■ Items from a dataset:
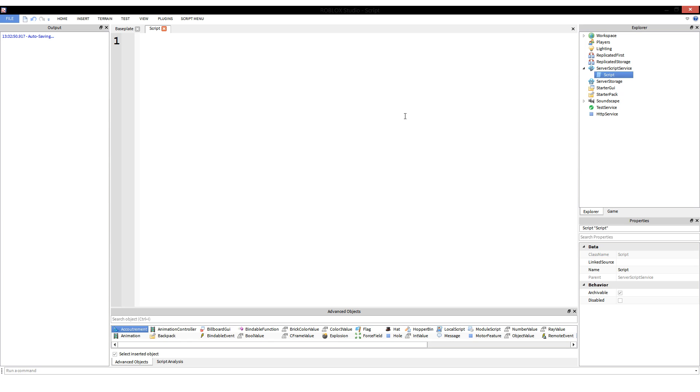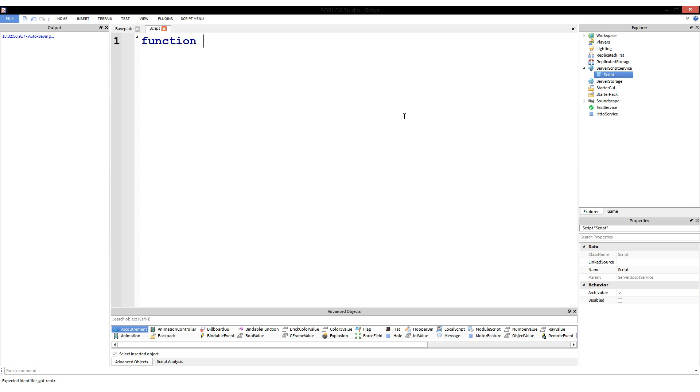So how do you create a function? To create a function in Lua, you write out the word function, lowercase, then press space bar and include the name of your function. Function naming follows the same rules as variables - you can't start it with a number but you can have a number, you can't have a space, et cetera.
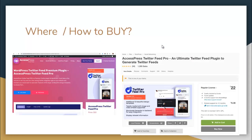To buy this plugin, you can go directly to our website XExpressThemes.com, navigate to the WordPress plugin menu, and find XExpress Twitter Feed Pro to get your copy there. Or you can go to CodeCanyon.net, search for XExpress Twitter Feed Pro plugin, and get your copy from there as well. I hope this video has been helpful in understanding your need for this plugin and how it can dramatically increase your social engagement with your website viewers. Thank you very much.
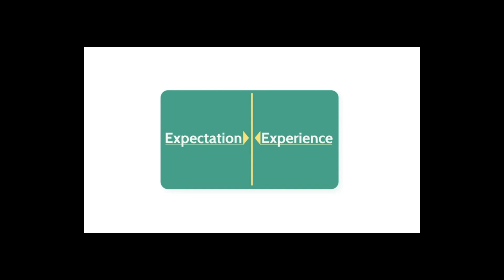When we have a positive expectation of an individual or an organization that's based on what they've promised or what they advertise, and our experience matches up with that, trust is built.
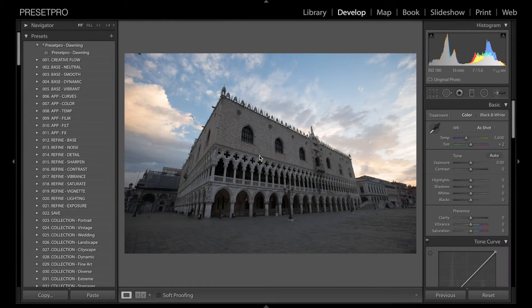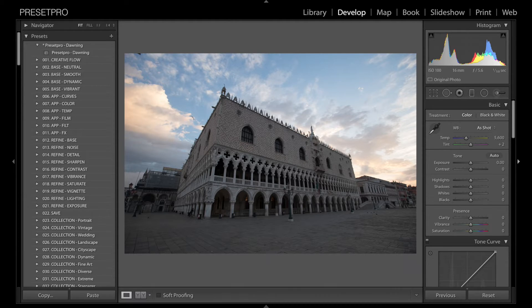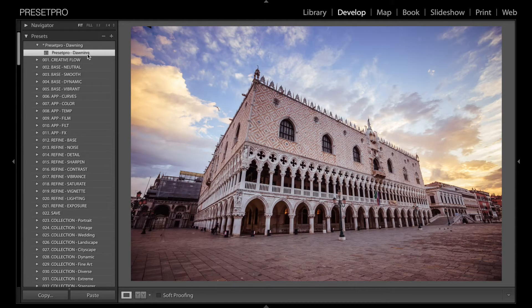Hey everyone, today's free Lightroom preset is called Dawning and here's a beautiful shot of Venice, Italy. It's a raw photo we're working with, so let's go ahead and close down the side panel so we get a better look and click the preset.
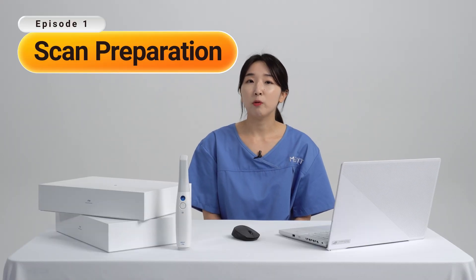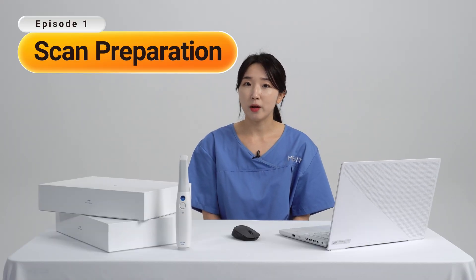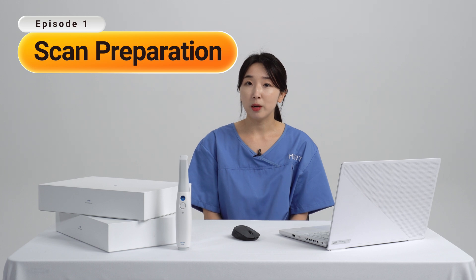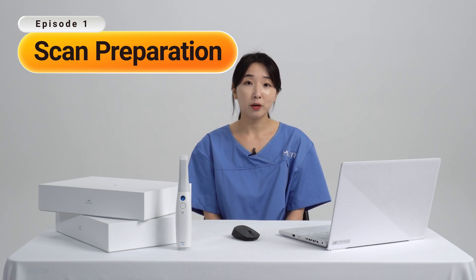There are a few things to do before we start scanning. We'll use the MeditLink program to scan, so let's create an account.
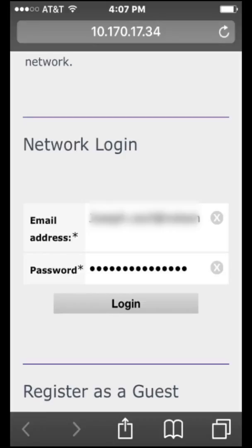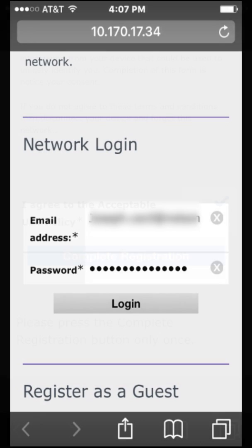Open Safari or another browser of your choice and navigate to a webpage like ESPN.com. A login page will appear where you will now register the device. Enter your school email address and password and click on Login.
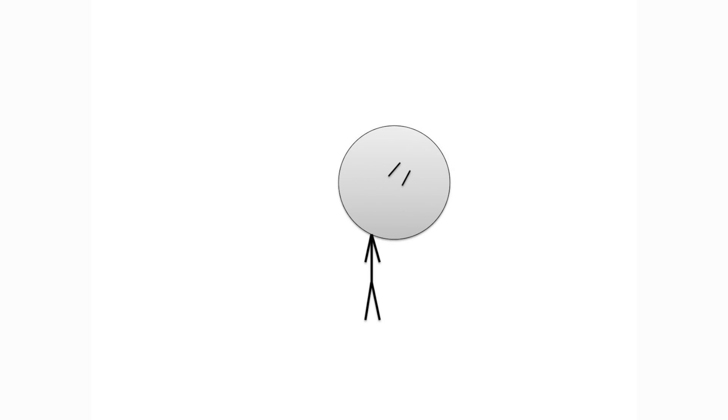Anyway, that's the end of the video. I hope you learned something new about tree rings. Sorry that this video was shorter than usual. I'd like to verbally thank Garrett Renault and Aided Furball for being $20 patrons. You and other patrons make my channel possible. So from the bottom of my heart, thank you.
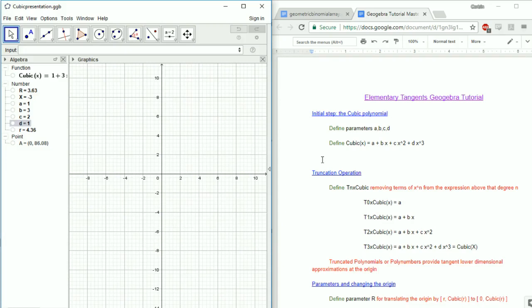Welcome, citizens of the internet. I am Abraximus, and this is elementary tangents on a general cubic polynomial.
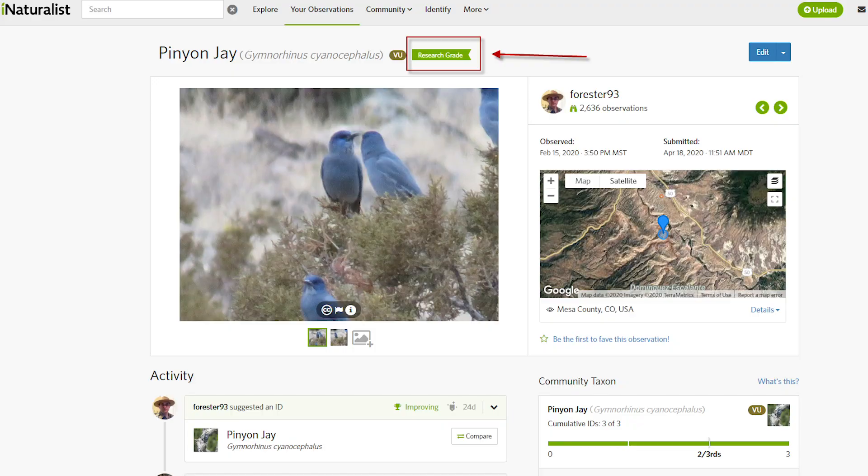Now we're on to the second part. I've loaded up my observations and other people can chime in to confirm what I saw, or maybe suggest something else if I didn't identify it properly. Eventually we'll agree on what it was. If enough people agree, it gets a quality stamp of research grade and it gets shared with an even bigger scientific community.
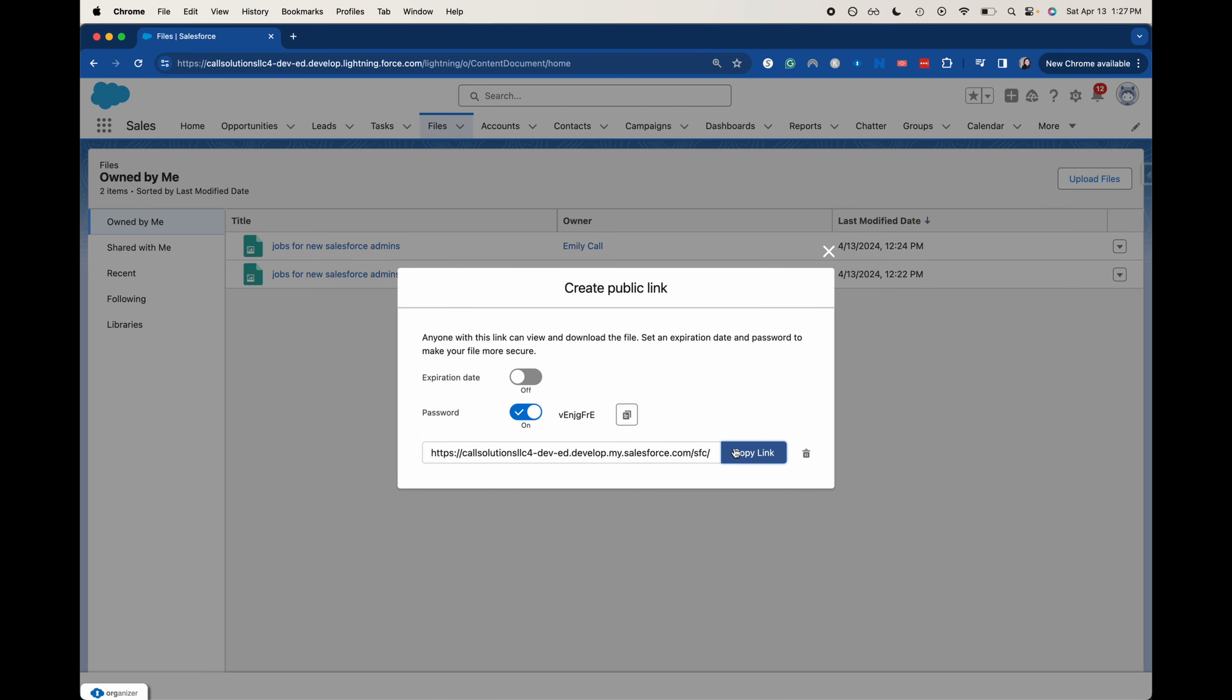Make sure that again, you are in line with the policies of your company as far as security goes. But yeah, that's how you create a password for a file within Salesforce. It's a pretty cool new feature.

■ WHAT IS EXPECTED: Nothing but the lines from the first line of the data through the line with "To buy this" belongs in the answer, copied exactly and without pictures.

■ SOLUTION BELOW:
So how do you create a function? To create a function in Lua, you write out the word function, lowercase, then press space bar and include the name of your function. Function naming follows the same rules as variables - you can't start it with a number but you can have a number, you can't have a space, et cetera.
To buy this plugin, you can go directly to our website XExpressThemes.com, navigate to the WordPress plugin menu, and find XExpress Twitter Feed Pro to get your copy there. Or you can go to CodeCanyon.net, search for XExpress Twitter Feed Pro plugin, and get your copy from there as well. I hope this video has been helpful in understanding your need for this plugin and how it can dramatically increase your social engagement with your website viewers. Thank you very much.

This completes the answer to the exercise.